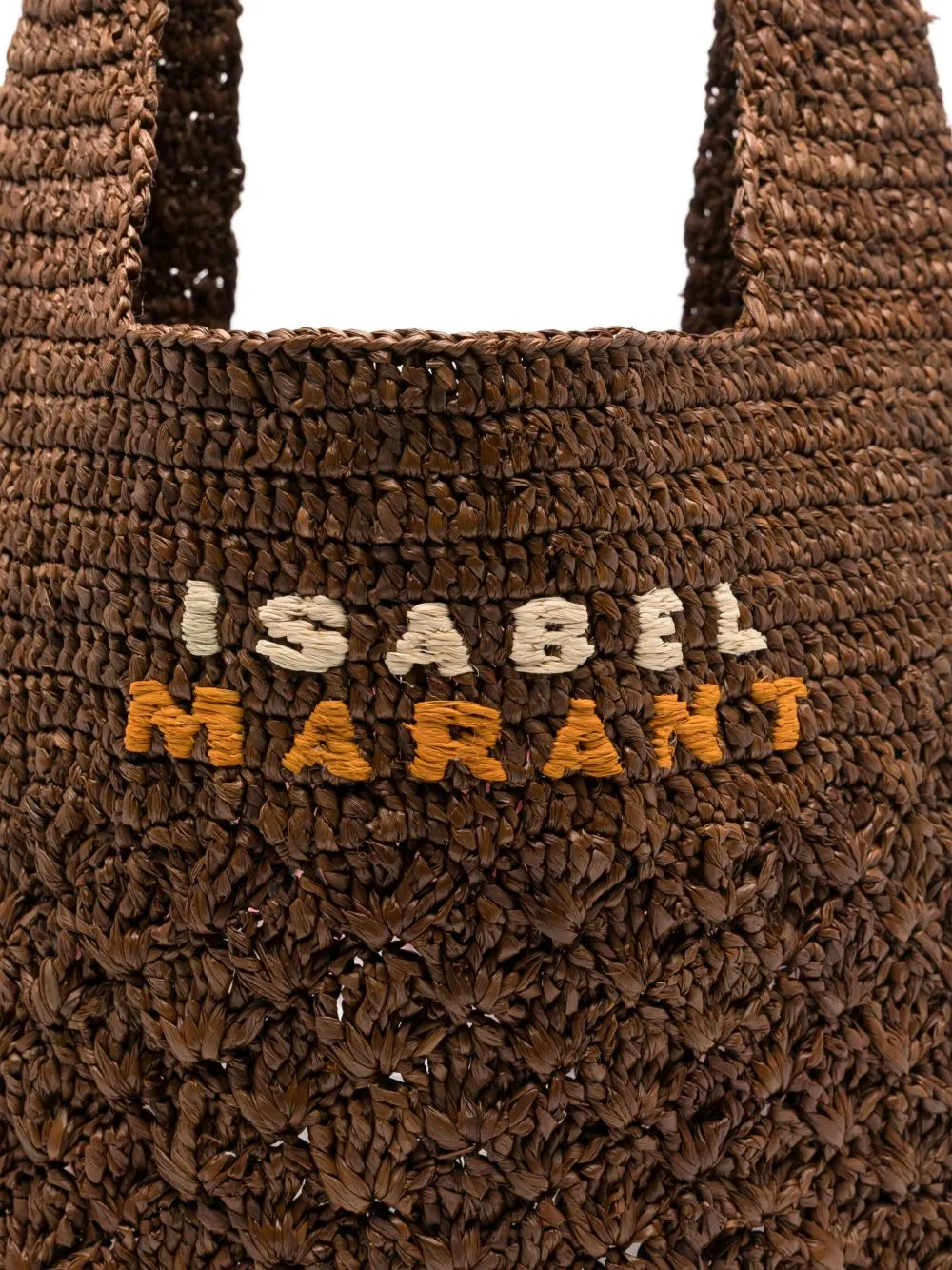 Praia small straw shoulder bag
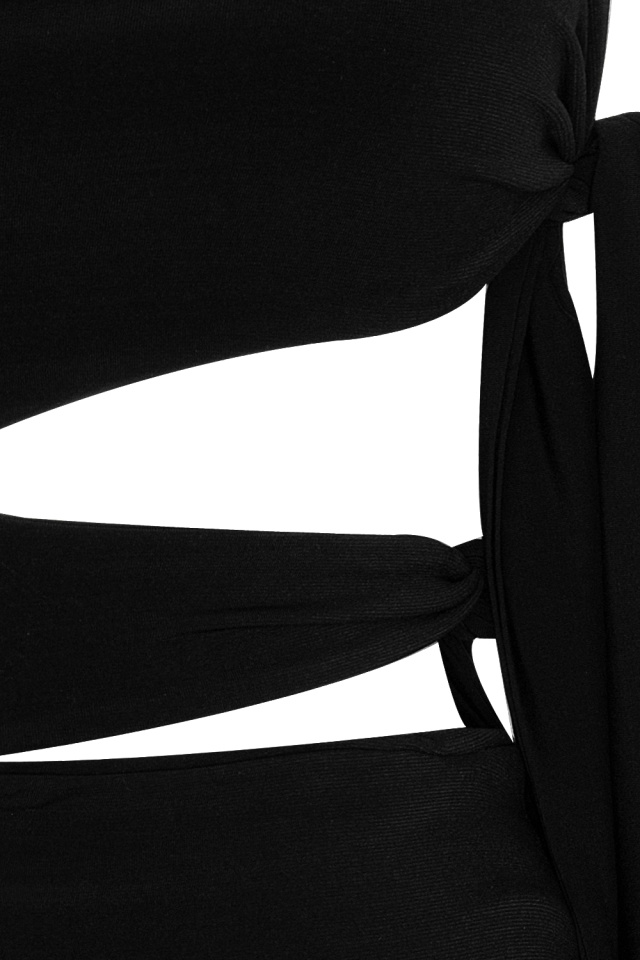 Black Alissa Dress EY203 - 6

::::::::

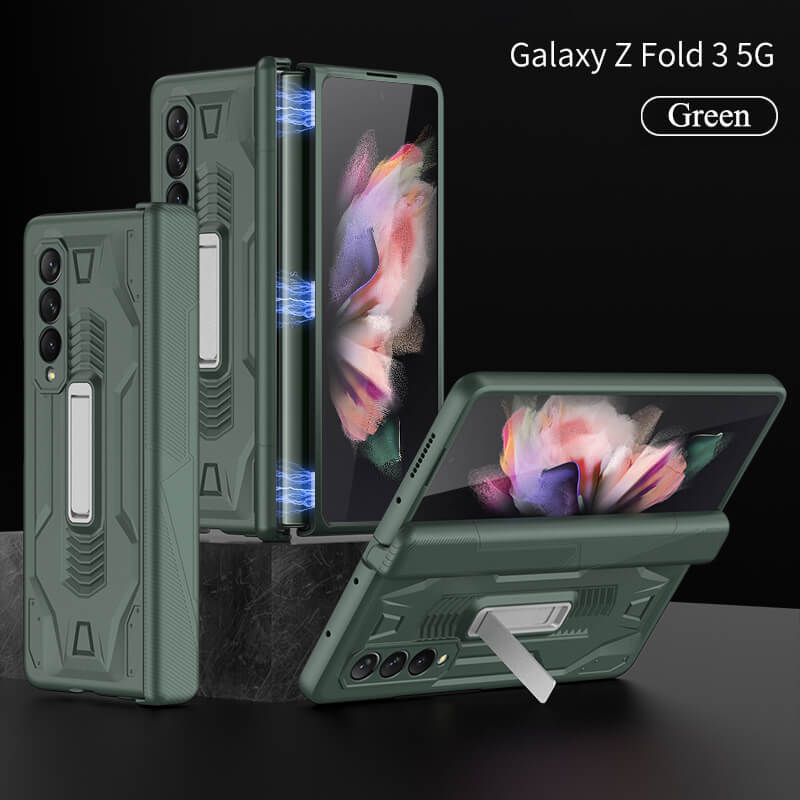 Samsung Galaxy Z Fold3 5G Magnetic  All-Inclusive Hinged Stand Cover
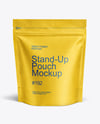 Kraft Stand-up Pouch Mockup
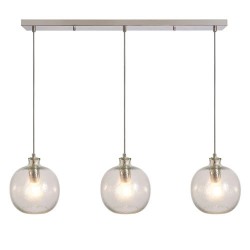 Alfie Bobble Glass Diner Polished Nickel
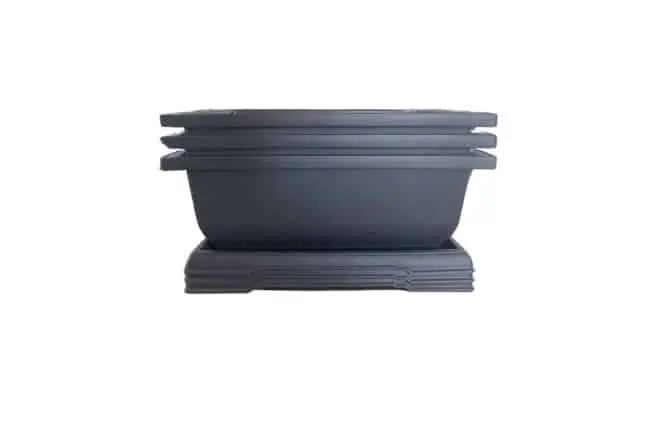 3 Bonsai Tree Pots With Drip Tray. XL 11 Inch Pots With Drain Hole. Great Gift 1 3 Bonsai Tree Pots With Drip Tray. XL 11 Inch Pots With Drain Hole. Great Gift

::::::::

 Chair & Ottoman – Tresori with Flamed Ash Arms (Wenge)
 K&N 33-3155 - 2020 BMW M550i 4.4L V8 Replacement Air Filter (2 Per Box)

::::::::

**WHAT IS EXPECTED:** In the listing above, find the line containing "Praia small straw shoulder bag" and the line containing "Black Alissa Dress EY203 - 6", then return both of them and every line between, exactly, without pictures.

**EXERCISE RESPONSE:**
 Praia small straw shoulder bag
 Black Alissa Dress EY203 - 6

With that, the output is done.